On March 1st, 2016, JD and team took the reigns of Sifter. That day, it absolutely felt like the right decision, but now, with a year’s worth of perspective, how does it feel? Even better.
Handing over a project after pouring eight years of your life into it can be nerve-wracking, especially when you care about the customers, and not just the “exit.” Deciding to entrust JD with Sifter felt like a safe bet, but things don’t always work out.
I still hang out in the Slack room with the Sifter team and chime in on legacy topics, but that’s becoming less and less frequent. In the last few months, the team has really picked up momentum and shipped some long overdue features that I declined to implement for years.
You could even make the case that they’re doing better by customers than I ever was.

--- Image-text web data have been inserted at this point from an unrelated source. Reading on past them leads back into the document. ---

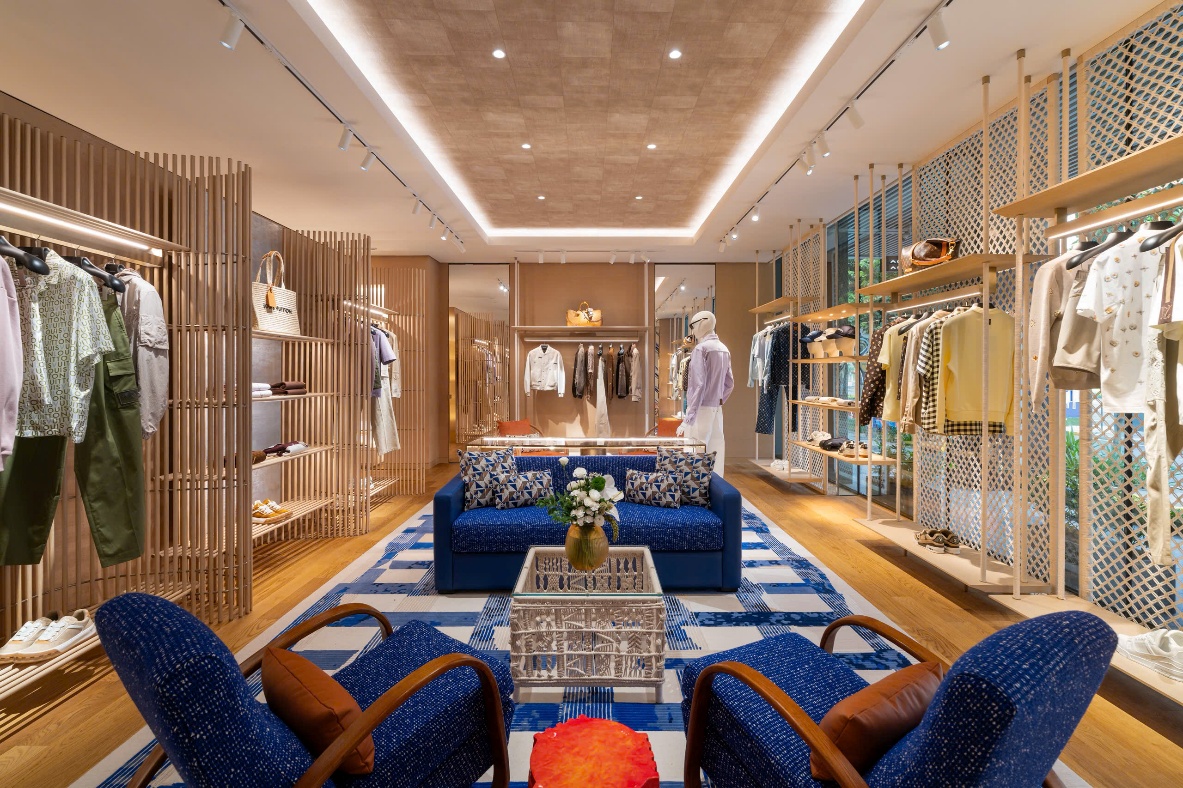 Louis Vuitton - Ảnh 3.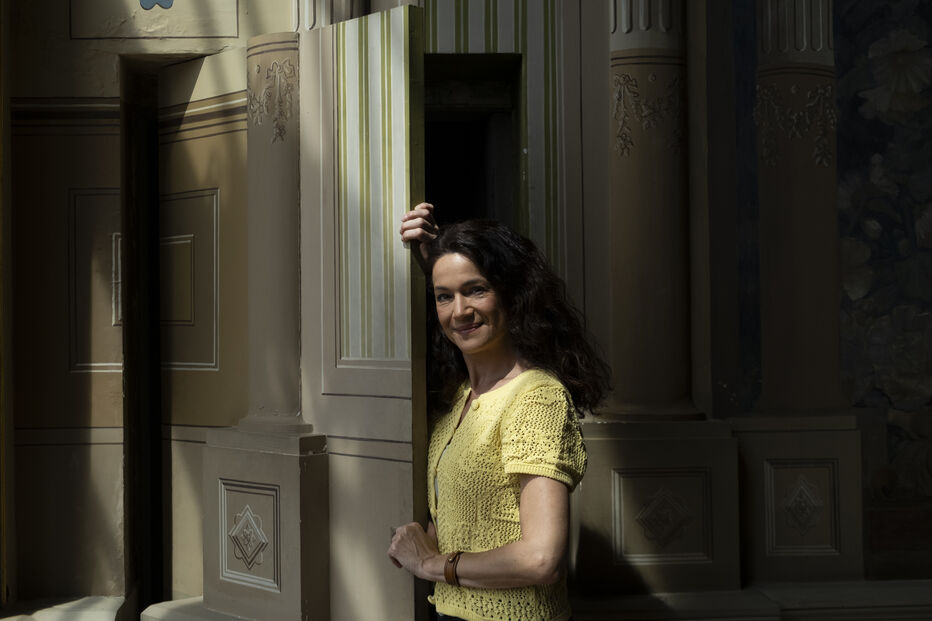 Paula Neves protagoniza dois espetáculos de teatro e grava 'A Madrasta'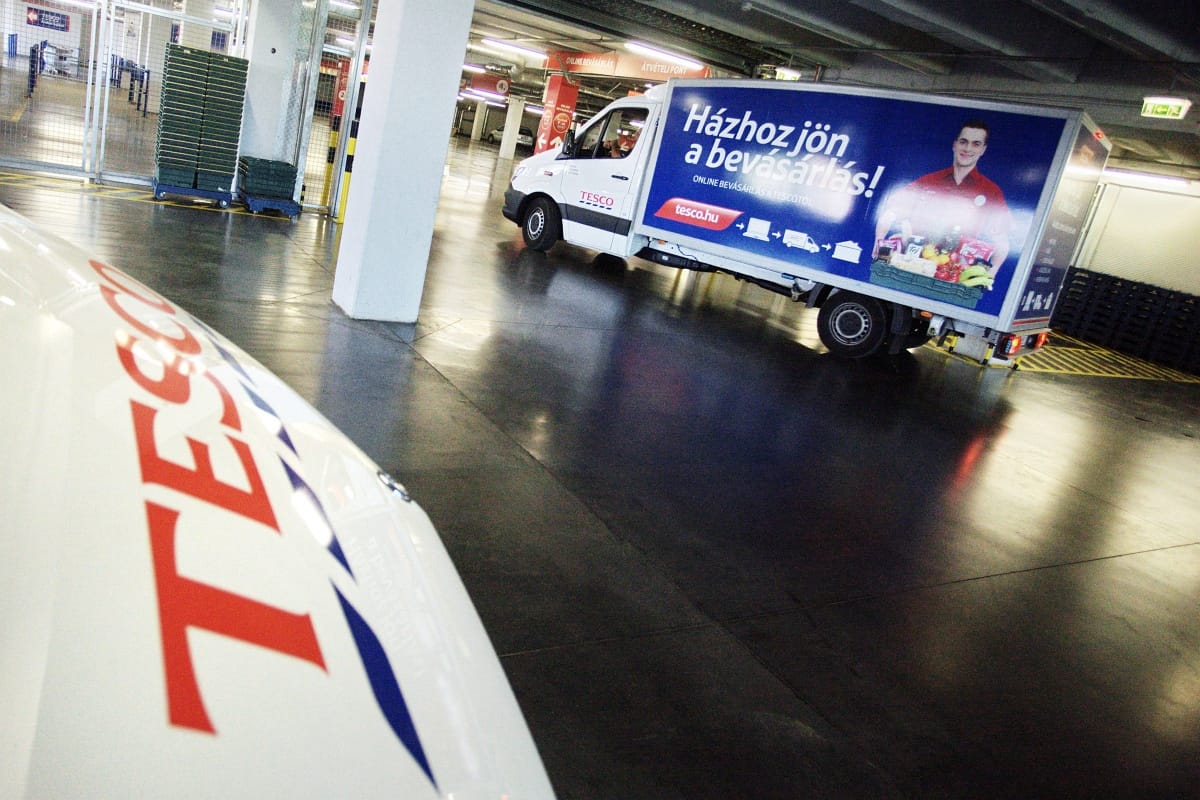 Újraindítja a Tesco a vasárnapi házhoz szállítást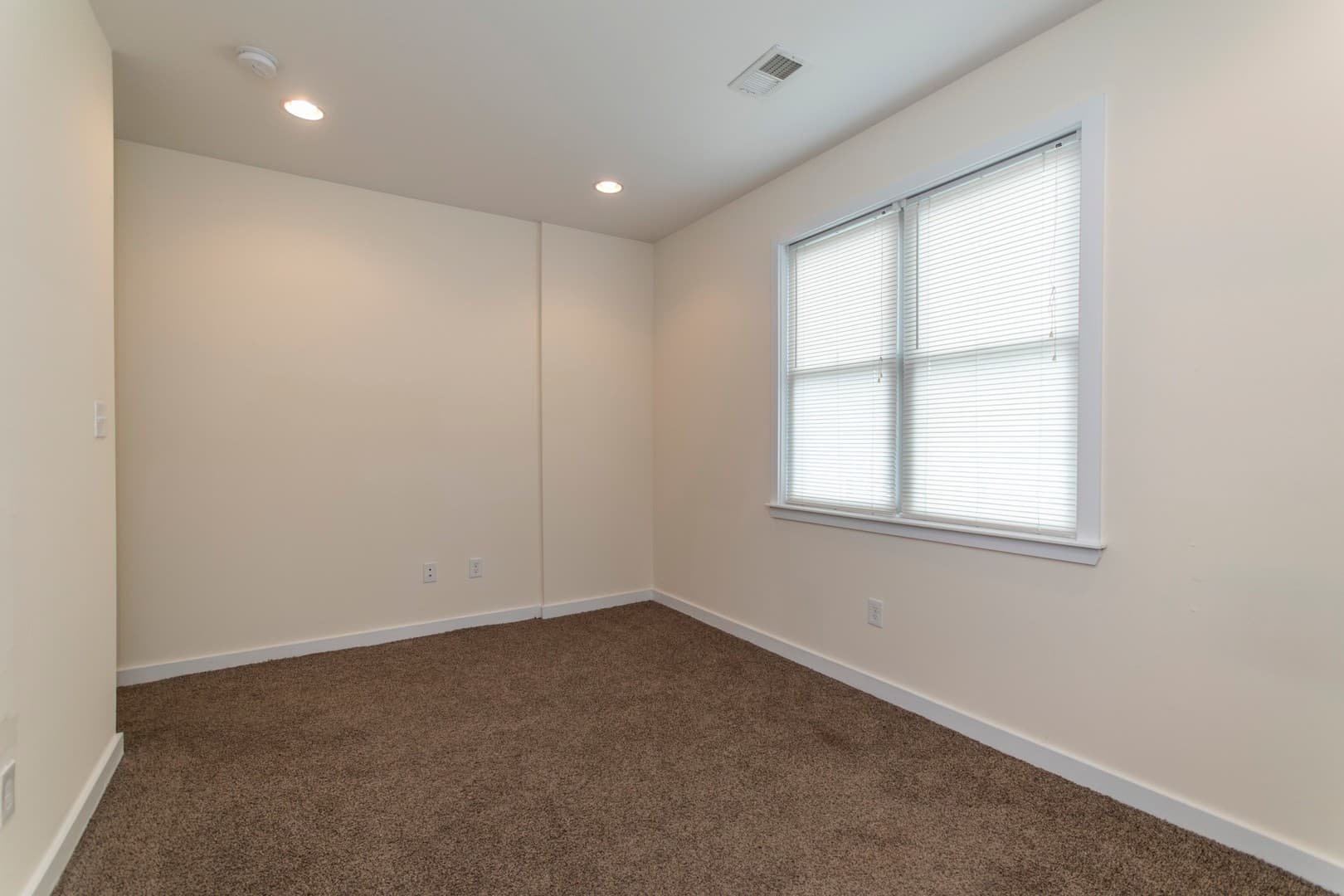 Philadelphia Apartment: 1612 N. Sydenham Street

Watching them run Sifter, I can unequivocally say that I was too focused on the micro-customer service and not enough on macro-customer service.
I fretted about support request response times, but then I casually dismissed feature requests that I understood but didn’t philosophically agree with. It’s been an eye-opening experience to watch another team run the show.
In hindsight, I can confidently say that this has a lot to to do with feeling good about finding the right home for Sifter. It’s a huge relief seeing Sifter thrive, and that has everything to do with its new caretakers. I interviewed JD for the Starting & Sustaining podcast, and it’s a great listen to help establish a baseline if you’re ever looking to find a buyer for your application.